Show me each line of the listing below where the word "photo" appears.

Data for the task:
# # # # #

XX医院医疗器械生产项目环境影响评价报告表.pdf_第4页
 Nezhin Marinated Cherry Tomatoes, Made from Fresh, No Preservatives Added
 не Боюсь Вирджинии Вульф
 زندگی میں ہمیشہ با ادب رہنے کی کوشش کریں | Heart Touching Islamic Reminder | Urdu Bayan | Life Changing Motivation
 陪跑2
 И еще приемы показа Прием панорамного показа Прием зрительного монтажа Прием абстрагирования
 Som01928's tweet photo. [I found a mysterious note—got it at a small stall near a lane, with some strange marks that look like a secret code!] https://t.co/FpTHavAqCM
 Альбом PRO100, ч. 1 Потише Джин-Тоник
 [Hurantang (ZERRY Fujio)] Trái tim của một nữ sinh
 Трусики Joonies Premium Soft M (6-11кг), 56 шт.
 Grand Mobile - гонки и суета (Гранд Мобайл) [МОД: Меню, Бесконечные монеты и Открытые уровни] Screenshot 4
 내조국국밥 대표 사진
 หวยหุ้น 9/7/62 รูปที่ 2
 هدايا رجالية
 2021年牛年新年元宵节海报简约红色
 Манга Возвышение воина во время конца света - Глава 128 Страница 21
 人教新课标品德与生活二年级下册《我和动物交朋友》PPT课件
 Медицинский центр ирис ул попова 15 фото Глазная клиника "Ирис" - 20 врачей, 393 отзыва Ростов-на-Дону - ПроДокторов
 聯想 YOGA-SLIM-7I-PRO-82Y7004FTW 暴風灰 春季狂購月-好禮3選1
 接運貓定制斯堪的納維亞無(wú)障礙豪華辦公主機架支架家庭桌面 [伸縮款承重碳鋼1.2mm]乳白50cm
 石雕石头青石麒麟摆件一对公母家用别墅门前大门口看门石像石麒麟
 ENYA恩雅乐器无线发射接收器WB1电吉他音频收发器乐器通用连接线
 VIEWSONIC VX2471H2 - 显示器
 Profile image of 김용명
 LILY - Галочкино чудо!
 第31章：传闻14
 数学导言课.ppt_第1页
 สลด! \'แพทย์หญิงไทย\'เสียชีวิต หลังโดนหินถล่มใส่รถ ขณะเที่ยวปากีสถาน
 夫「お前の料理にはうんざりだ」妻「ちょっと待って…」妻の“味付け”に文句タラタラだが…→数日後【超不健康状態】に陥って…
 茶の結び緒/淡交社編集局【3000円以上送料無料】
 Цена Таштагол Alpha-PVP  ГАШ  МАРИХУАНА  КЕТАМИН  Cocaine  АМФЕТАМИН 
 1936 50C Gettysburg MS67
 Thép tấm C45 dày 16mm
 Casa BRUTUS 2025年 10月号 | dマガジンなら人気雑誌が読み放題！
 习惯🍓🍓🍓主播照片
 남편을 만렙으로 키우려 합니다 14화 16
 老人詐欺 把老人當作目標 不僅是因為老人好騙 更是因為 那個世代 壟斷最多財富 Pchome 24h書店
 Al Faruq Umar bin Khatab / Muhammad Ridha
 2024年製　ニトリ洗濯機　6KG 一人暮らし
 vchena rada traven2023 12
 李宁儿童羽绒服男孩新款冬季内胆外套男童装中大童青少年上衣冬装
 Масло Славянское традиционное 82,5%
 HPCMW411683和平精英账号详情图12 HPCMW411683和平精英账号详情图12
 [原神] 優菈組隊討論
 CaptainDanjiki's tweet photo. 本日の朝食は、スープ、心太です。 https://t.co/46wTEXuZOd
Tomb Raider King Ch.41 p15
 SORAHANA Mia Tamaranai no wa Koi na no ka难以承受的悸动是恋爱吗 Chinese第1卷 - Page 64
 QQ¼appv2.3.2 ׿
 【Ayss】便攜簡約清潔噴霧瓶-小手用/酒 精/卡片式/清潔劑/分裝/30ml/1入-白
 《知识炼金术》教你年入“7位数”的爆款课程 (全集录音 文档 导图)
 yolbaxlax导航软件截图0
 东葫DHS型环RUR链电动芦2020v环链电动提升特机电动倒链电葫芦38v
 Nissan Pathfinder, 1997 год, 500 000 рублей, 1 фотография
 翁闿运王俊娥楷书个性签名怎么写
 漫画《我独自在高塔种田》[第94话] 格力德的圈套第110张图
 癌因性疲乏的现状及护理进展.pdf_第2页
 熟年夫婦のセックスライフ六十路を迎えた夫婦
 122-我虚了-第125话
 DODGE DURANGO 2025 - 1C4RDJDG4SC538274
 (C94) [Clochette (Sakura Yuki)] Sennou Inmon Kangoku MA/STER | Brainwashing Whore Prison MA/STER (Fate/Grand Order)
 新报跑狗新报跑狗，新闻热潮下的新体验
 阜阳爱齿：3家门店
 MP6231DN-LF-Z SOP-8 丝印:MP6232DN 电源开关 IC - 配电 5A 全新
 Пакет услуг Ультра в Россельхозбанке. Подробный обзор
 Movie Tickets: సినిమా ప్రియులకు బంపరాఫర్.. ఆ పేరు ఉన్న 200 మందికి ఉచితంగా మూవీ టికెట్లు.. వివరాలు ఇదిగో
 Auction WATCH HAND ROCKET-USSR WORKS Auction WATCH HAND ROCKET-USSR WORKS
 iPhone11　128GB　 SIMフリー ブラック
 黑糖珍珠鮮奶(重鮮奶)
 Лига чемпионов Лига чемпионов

# # # # #

Solution for this exercise:
 Som01928's tweet photo. [I found a mysterious note—got it at a small stall near a lane, with some strange marks that look like a secret code!] https://t.co/FpTHavAqCM
 CaptainDanjiki's tweet photo. 本日の朝食は、スープ、心太です。 https://t.co/46wTEXuZOd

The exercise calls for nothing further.